### [Captioned web images]
▶

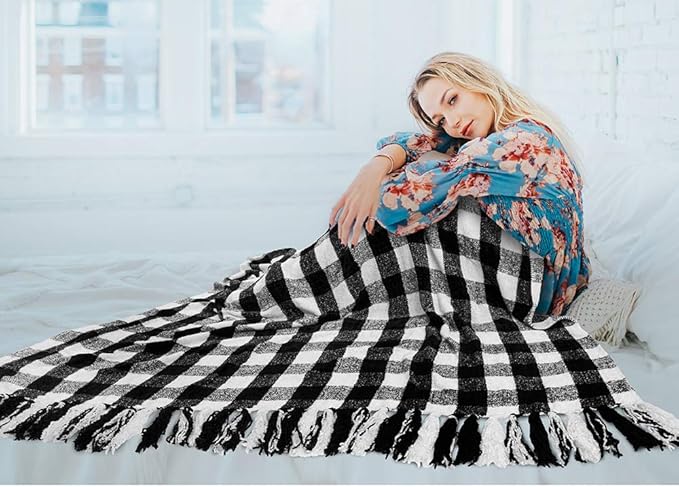 PAVILIA Plaid Chenille Blanket for Twin Size Bed, Soft Black and White Buffalo Plaid Checkered with Tassel Fringe, Woven Knitted Decorative Blanket for Sofa Couch Living Room Decor, Twin 60x80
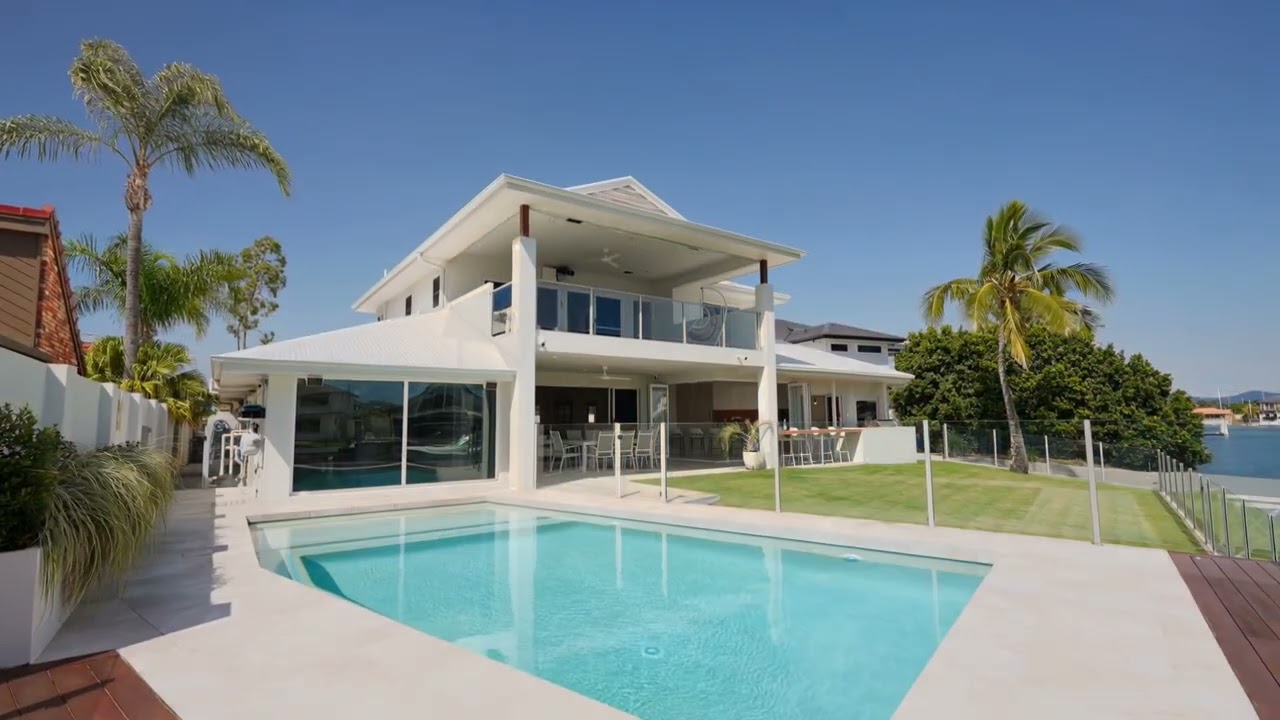 25 Drysdale Place, Paradise Point, Proudly Presented By James Drake Group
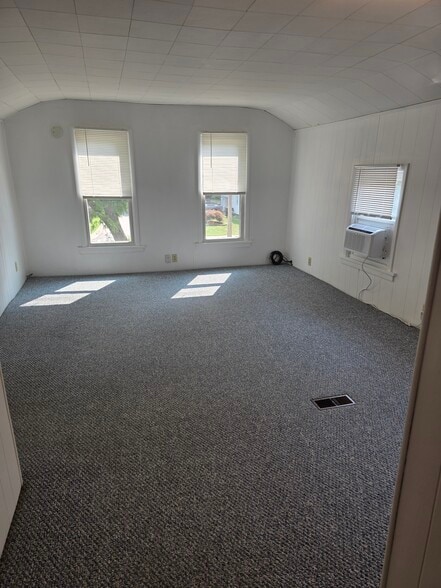 Building Photo - 413 N Marshall Ave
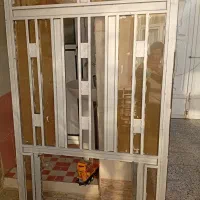 پنجره فلزی مدل دار(بهمراه شیشه)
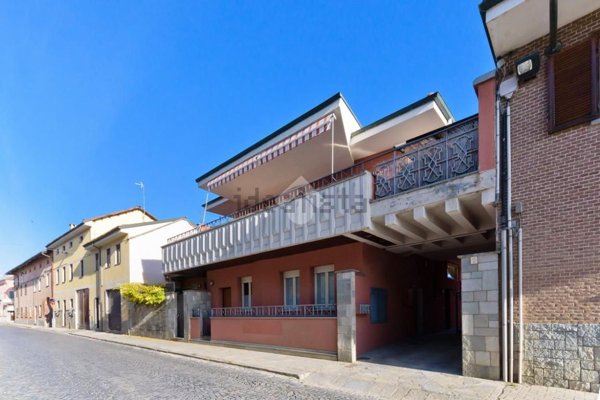 appartamento in vendita a Riva presso Chieri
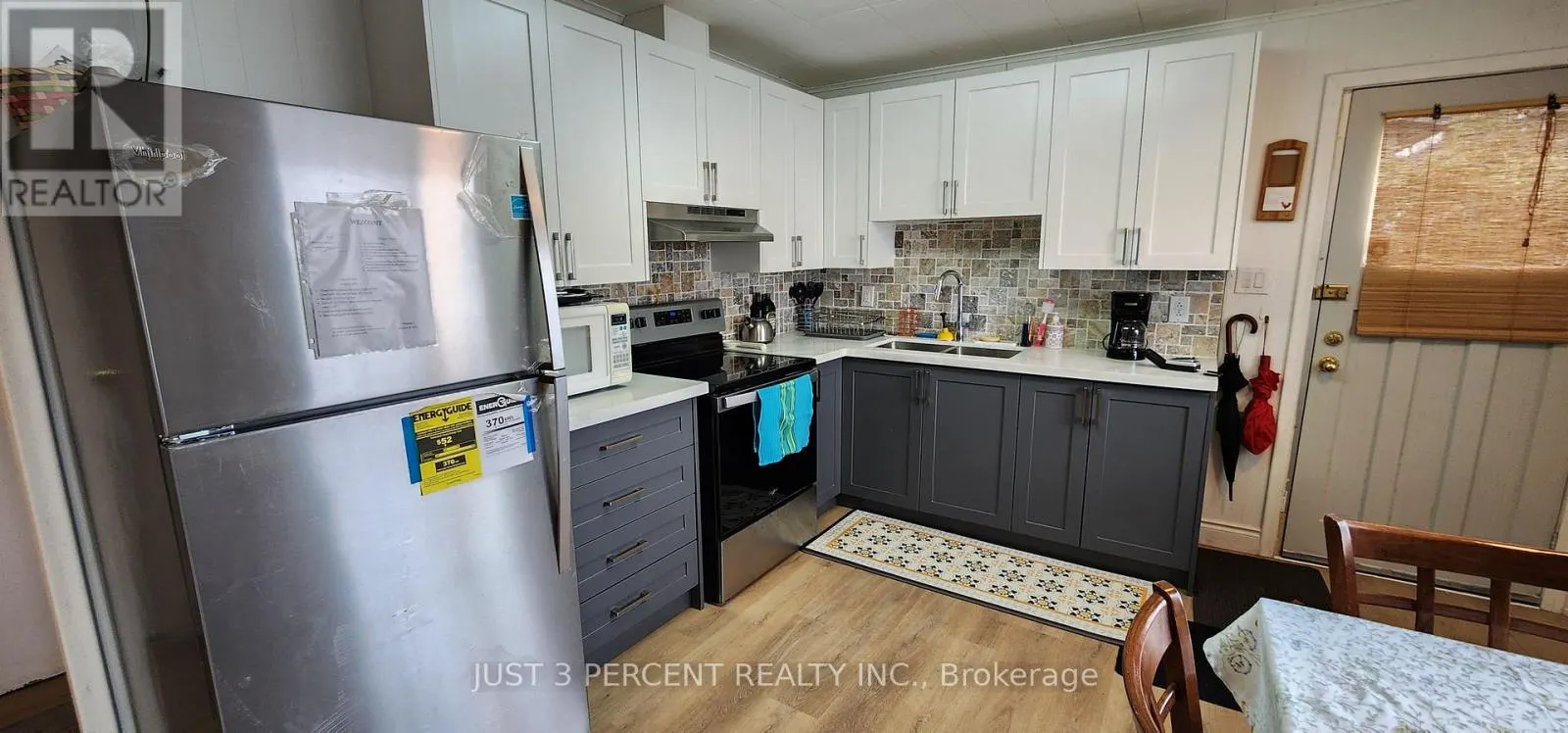 3 - 6060 CURTIS POINT ROAD, #3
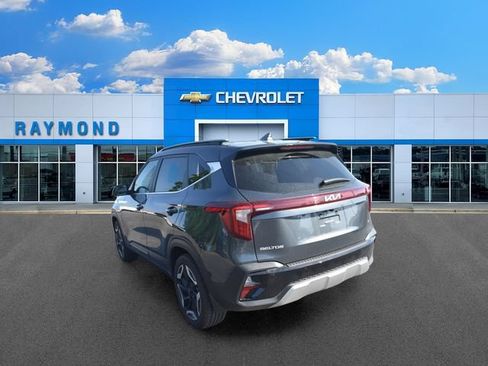 Used 2025 Kia Seltos SX w/ SX Sunroof Package AWD/4WD image 5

◀

### [What to do]
Retype all the entries word for word; the pictures stay out.

### [Reply to the task]
 PAVILIA Plaid Chenille Blanket for Twin Size Bed, Soft Black and White Buffalo Plaid Checkered with Tassel Fringe, Woven Knitted Decorative Blanket for Sofa Couch Living Room Decor, Twin 60x80
 25 Drysdale Place, Paradise Point, Proudly Presented By James Drake Group
 Building Photo - 413 N Marshall Ave
 پنجره فلزی مدل دار(بهمراه شیشه)
 appartamento in vendita a Riva presso Chieri
 3 - 6060 CURTIS POINT ROAD, #3
 Used 2025 Kia Seltos SX w/ SX Sunroof Package AWD/4WD image 5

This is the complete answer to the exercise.